Recently, Ann Coulter, the enfant terrible of the conservative movement, “canceled” her speaking engagement at UC Berkeley, bewailing free speech had been “crushed by thugs.”  She inveighed against the university for its namby-pamby vacillation. She also blasted her conservative student sponsors for ditching her and “joining the other team.” Some prominent liberals voiced support for Coulter.

{mosads}Berkeley Chancellor Nicholas Dirks explained Coulter was never persona non grata on campus but “our police force does not believe (the event) venue to be protectable,” adding “a speaker’s presence on campus” in February “ignited violent conflict and significant damage to campus property.” He fingered unnamed “groups and individuals from the extreme ends of the political spectrum” for the controversy. He hectored, “This is a university, not a battlefield.”

 

In 1964, Mario Savio, Jack Weinberg and others defiantly mobilized Berkeley students in the cause of campus activism, free speech and academic freedom. They were joined by a thousand strong faculty, making Berkeley a national symbol of campus free speech and protest. By contrast, the stony silence of Berkeley’s faculty majority in 2017 is deafening. In addition to stopping Coulter’s speech, the vocal minority who is speaking up also demanded conservative gadfly Milo Yiannopoulos be banned from campus in January.
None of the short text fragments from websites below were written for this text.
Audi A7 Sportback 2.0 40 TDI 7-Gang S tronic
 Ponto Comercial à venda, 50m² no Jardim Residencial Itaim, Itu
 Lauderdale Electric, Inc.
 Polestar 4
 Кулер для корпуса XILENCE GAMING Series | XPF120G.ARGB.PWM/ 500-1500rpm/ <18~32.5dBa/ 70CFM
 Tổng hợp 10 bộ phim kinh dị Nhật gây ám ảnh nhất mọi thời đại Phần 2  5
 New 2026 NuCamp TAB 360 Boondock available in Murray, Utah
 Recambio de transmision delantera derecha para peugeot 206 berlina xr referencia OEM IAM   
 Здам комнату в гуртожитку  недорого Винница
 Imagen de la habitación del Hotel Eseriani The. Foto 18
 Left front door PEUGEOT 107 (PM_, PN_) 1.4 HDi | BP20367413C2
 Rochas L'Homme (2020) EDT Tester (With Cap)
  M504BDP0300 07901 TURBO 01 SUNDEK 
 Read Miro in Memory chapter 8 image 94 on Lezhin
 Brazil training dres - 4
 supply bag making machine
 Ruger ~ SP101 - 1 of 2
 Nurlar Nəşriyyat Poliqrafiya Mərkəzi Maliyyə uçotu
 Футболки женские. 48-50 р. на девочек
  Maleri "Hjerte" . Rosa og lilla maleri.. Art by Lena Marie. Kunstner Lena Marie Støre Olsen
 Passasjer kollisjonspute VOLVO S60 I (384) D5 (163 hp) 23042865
In the case of Yiannopoulos, the opposition became violent.

Free speech is clearly in the crosshairs, not only from the ivory towers but also from the White House. Trump is still working to fulfill his pledge of building a casino on the ashes of free speech by “opening up our libel laws so we can sue” the press and “win lots of money.” I wonder if he reviewed the scrapped Sedition Act of 1798.

Dirks’ battle cry that his university is not a “battlefield” disingenuously suggests universities are mere sanctuaries of unperturbed learning far from the madding crowd of exasperating extremists. He cravenly flees his university’s storied past as the battleground for free speech and the anti-war movement by indicting   shadowy “extremists.” In the ivory tower battlefield, “every idea is an incitement” and “eloquence often sets fire to reason.” Dirks forgets that as he points an accusatory finger at “extremists,” three fingers are pointing at him.

Dirks hides behind a contrived Hobson’s choice of security or liberty. The greatest danger to liberty comes not only from the zealots who set fire to reason but also from the craven government firefighters who prefer to stand back and indifferently watch the fire burn itself out.

Censorship is not a panacea for offensive speech. Its practice testifies to a closed mind, lack of self-confidence and a deep-seated fear of being challenged. The only effective way to fight extremist views is with moderate ones steeped in reasoned elaboration.

Universities should be battlefields of ideas where open-minded students, armed with reason and facts can joust and prepare themselves for the real world of offensive, outrageous and distasteful ideas. Suffering the slings and arrows of outrageous ideas is but a small price to pay for living in a free society.  

The founders of the American republic understood the supreme value of free expression and wholly rejected censorship proclaiming in sweeping language for the ages, “Congress Shall Make No Law … Abridging the Freedom of Speech” because “they put their faith, for better or for worse, in the enlightened choice of the people.” They sought to ensure “coarse expression as well as refined, and vulgarity no less than elegance” are equally protected.  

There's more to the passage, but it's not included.